*** Opening Supplied entries ***
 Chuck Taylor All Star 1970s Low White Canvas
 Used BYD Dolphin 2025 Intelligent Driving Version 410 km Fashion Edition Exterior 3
*** Closing Supplied entries ***
*** Opening Supplied entries ***
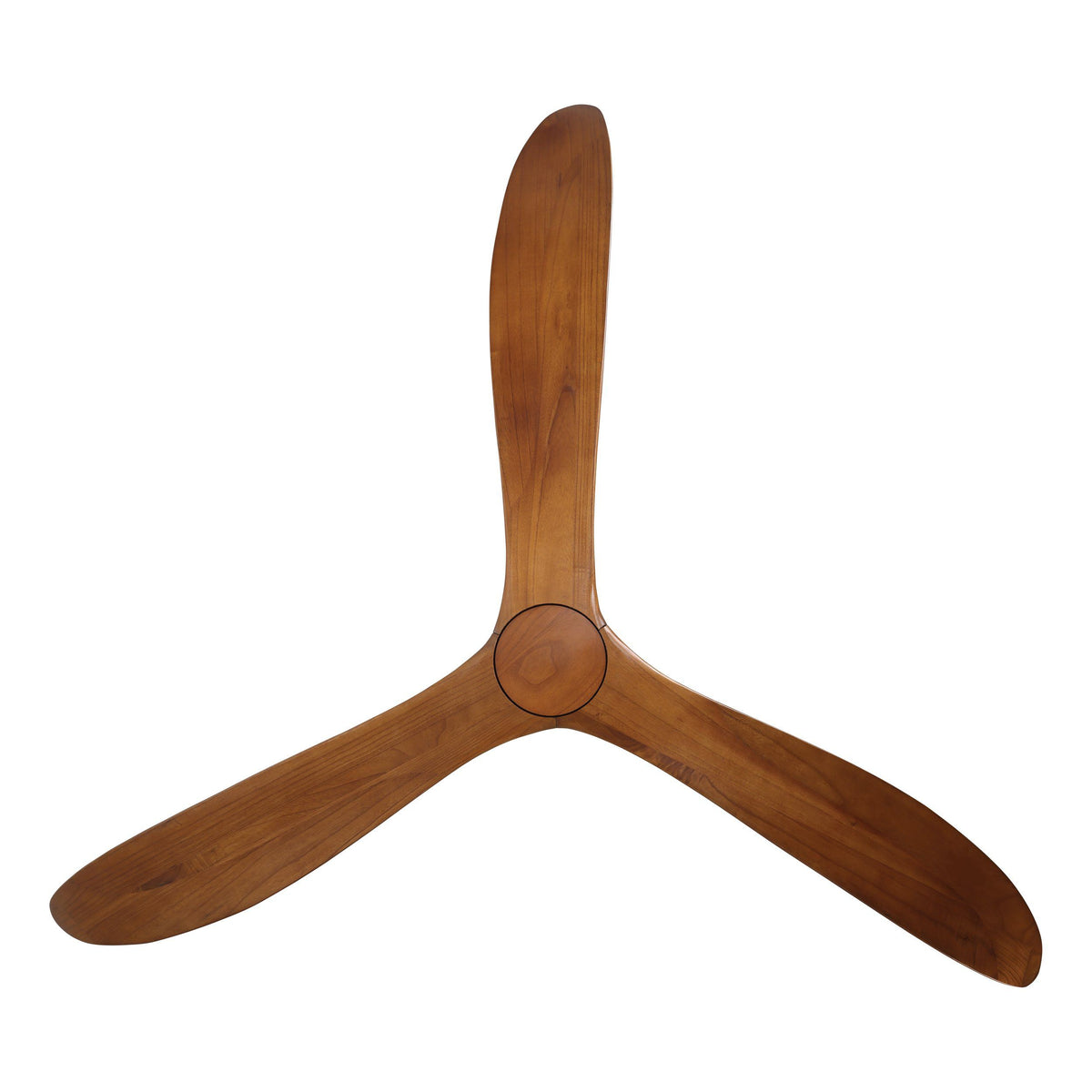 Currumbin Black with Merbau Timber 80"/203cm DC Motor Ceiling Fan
*** Closing Supplied entries ***
*** Opening Supplied entries ***
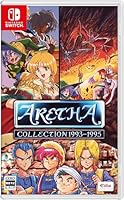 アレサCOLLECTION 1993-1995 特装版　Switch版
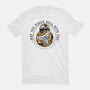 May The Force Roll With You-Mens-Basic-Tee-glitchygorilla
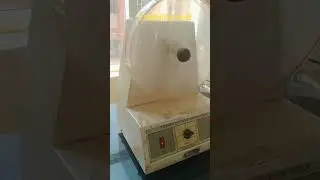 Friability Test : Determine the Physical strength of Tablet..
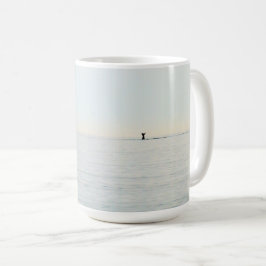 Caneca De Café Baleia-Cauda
*** Closing Supplied entries ***
#### Problem to solve
I would like the exact lines from the data above, starting with the one that holds "アレサCOLLECTION 1993-1995 特装版　Switch版" and going on through the one that holds "Caneca De Café Baleia-Cauda", without the pictures.

#### Expected answer
 アレサCOLLECTION 1993-1995 特装版　Switch版
 May The Force Roll With You-Mens-Basic-Tee-glitchygorilla
 Friability Test : Determine the Physical strength of Tablet..
 Caneca De Café Baleia-Cauda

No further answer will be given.